On February 17, 1966, Ali was sidelined by one number and one letter: 1-A, or his reclassified draft status for the U.S. Army.
Ali wasn’t totally caught off-guard by the move. Two years earlier, as a brand new champion, his results on a test deemed him ineligible for the draft. He’d remained outspoken about civil rights and racial issues since then, and seemed to always anticipate being targeted. As expected, Ali vowed to defy the order and he was quickly called a “draft dodger.”

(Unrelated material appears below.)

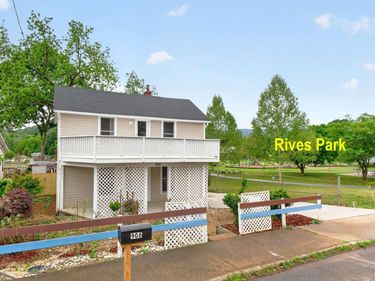 908 RIVES ST , Charlottesville, VA 22902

Heavyweight contender Jack Dempsey knew that feeling. After riding the rails and working in shipyards, bars and orchards, he’d heard every kind of insult and epithet, often directed at him. He’d just never been called a “slacker” until near the end of World War I.
Dempsey claimed in his autobiography that after his 1918 win against “Big” Bill Brennan, he heard shouts from the audience calling him a slacker. “I wanted to eat them,” Dempsey wrote.
Like most major wars and conflicts involving the U.S., World War I was met with an initial burst of enthusiasm followed by a waning support as time went on. Draft evasion, or slacking, soared as much of the nation struggled financially, but many fighters served in “The Great War.” Lightweight champion Benny Leonard and featherweight champion Johnny Kilbane were both boxing instructors in the U.S. Army, and future featherweight champ Eugene Criqui took a bullet to the jaw in the war.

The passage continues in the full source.